Enquanto Corpo de Cristo, na unidade realizada pelo dom do
Espírito, a Igreja é indivisível. A realidade da divisão
forma-se no terreno da história, nas relações entre os filhos da
Igreja, em consequência da fragilidade humana para acolher o dom que
continuamente dimana de Cristo-Cabeça para o seu Corpo místico.
A oração de Jesus no Cenáculo — «que todos sejam um; como
Tu, ó Pai, estás em Mim e Eu em Ti, que também eles estejam
em Nós» (Jo 17,21) — é simultaneamente revelação e
invocação. Revela-nos a unidade de Cristo com o Pai, como lugar
fontal da unidade da Igreja e dom perene que ela receberá
misteriosamente d'Ele até ao fim dos tempos. Esta unidade, que
não deixa de realizar-se concretamente na Igreja Católica, apesar
dos limites próprios do ser humano, manifesta-se também, em diversa
medida, nos numerosos elementos de santificação e de verdade que se
encontram no seio das outras Igrejas e Comunidades eclesiais; tais
elementos, enquanto dons próprios da Igreja de Cristo, impele-as
incessantemente para a unidade plena.[34]
A oração de Jesus lembra-nos que este dom precisa de ser acolhido e
fomentado de maneira sempre mais profunda. A invocação «ut unum
sint» é simultaneamente imperativo que nos obriga, força que nos
sustenta, salutar censura à nossa preguiça e mesquinhez de
coração. É sobre a oração de Jesus, não sobre as nossas
capacidades, que assenta a confiança de poder chegar, também na
história, à comunhão plena e visível de todos os cristãos.

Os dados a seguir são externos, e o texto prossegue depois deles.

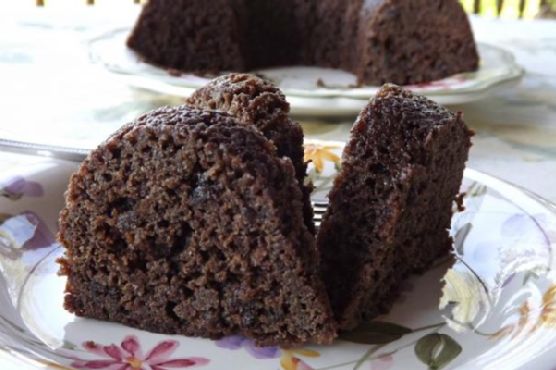 Chocolate spelt cake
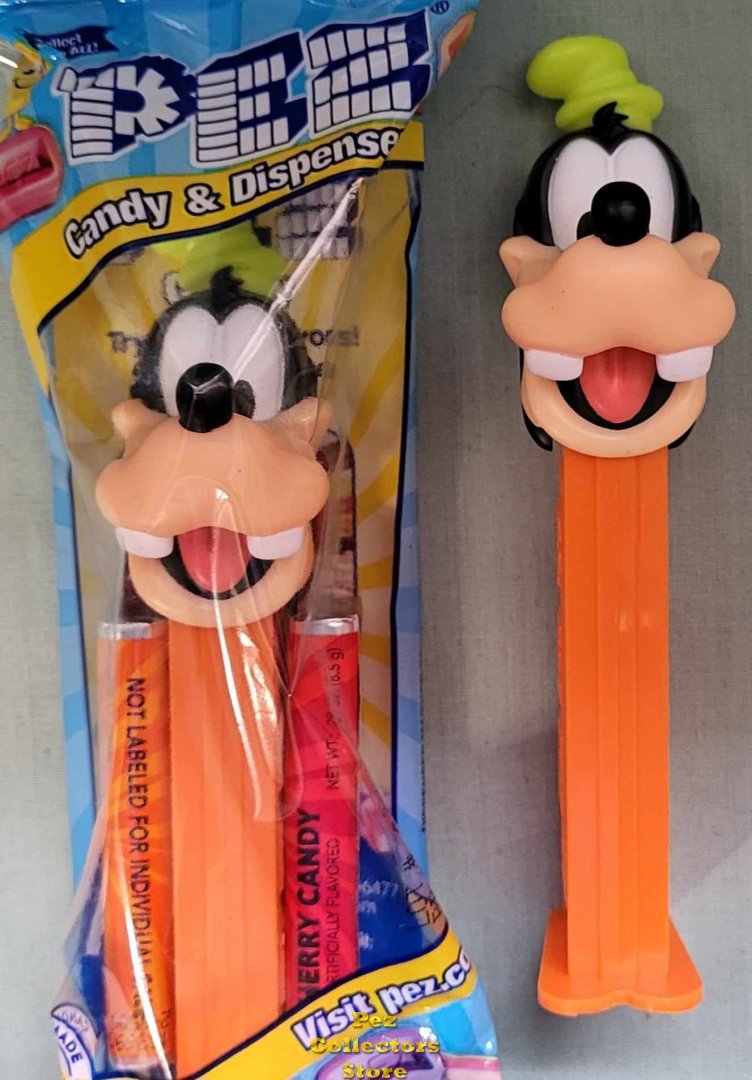(image for) 2023 Goofy Pez from Mickey and Friends Assortment MIB
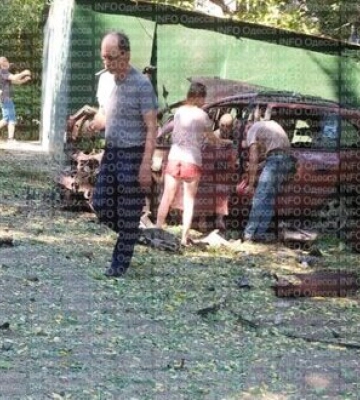 Вибух авто в Одесі кваліфіковано як спробу теракту, - СБУ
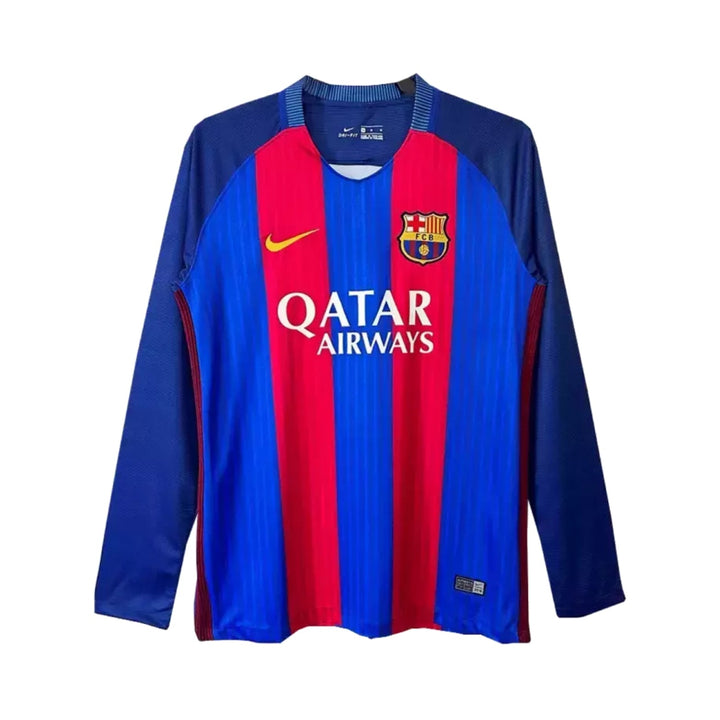 Barcelona Home 16/17 - Long Sleeve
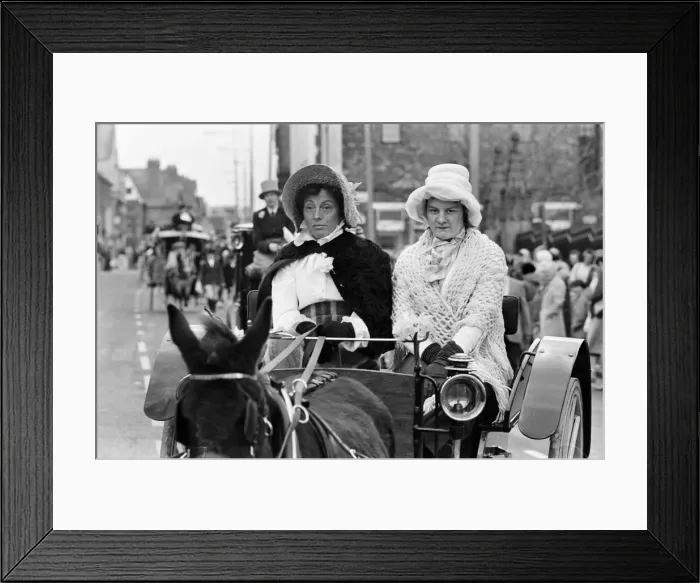 Framed Print : Liverpool May Horse Parade, 10th May 1986 Framed Print : Liverpool May Horse Parade, 10th May 1986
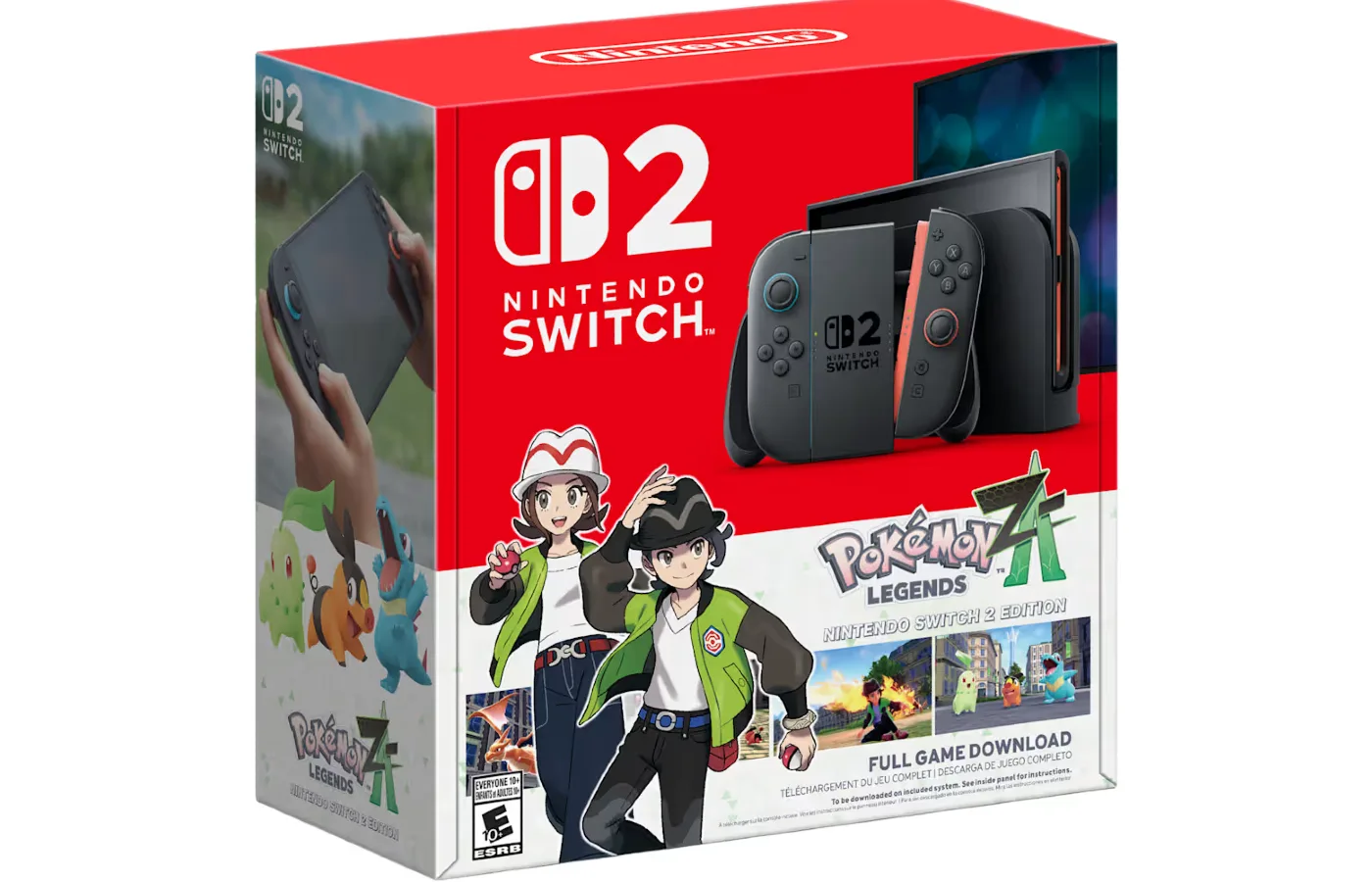 The Pokémon Legends: Z-A Nintendo Switch 2 Bundle Is Bad News For Collectors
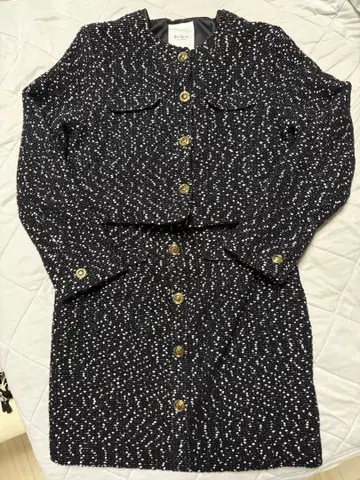 Her lip to 트위드 원피스 수트 M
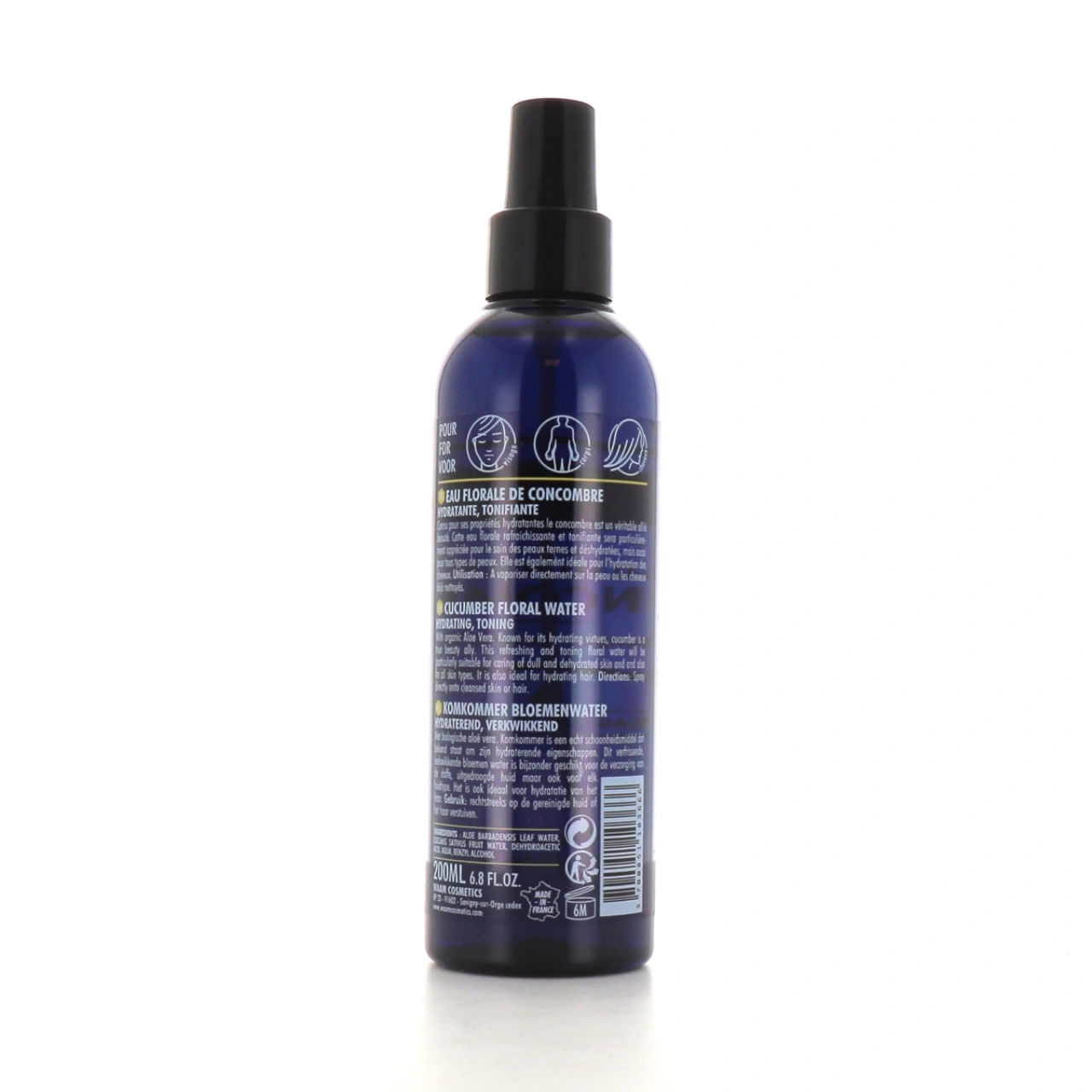 Waam Eau Florale Concombre - Vue 2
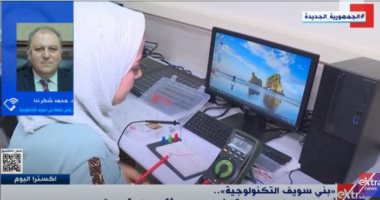 رئيس جامعة بنى سويف التكنولوجية: استحدثنا برنامجا دراسيا فى السكك الحديدية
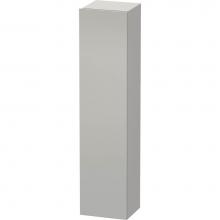 Duravit DS1229R0707 - Duravit DuraStyle Tall Cabinet Concrete Gray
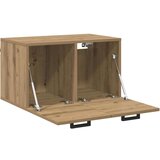 vidaXL Omarica na steni artisan hrast 60 x 36.5 x 35 cm | Shoptok.si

Nesta perspectiva de renovado caminho pós-jubilar, olho com grande
esperança para as Igrejas do Oriente, esperando que retorne
plenamente aquela permuta de dons que enriqueceu a Igreja do primeiro
milénio. A lembrança do tempo em que a Igreja respirava com «dois
pulmões», estimule os cristãos do Oriente e do Ocidente a
caminharem juntos, na unidade da fé e no respeito das legítimas
diferenças, aceitando-se e ajudando-se uns aos outros como membros
do único Corpo de Cristo.
Com idêntico empenho há-de ser cultivado o diálogo ecuménico com
os irmãos e irmãs da Comunhão Anglicana e das Comunidades
eclesiais nascidas da Reforma. O confronto teológico sobre pontos
essenciais da fé e da moral cristã, a colaboração na caridade e
sobretudo o grande ecumenismo da santidade não deixarão, com a ajuda
de Deus, de produzir os seus frutos no futuro. Entretanto,
prossigamos confiadamente pelo caminho, suspirando pelo momento em que
poderemos, com todos os discípulos de Cristo sem excepção, cantar
juntos com toda a nossa voz: «Como é bom e agradável viverem os
irmãos em harmonia!» (Sal 133132,1).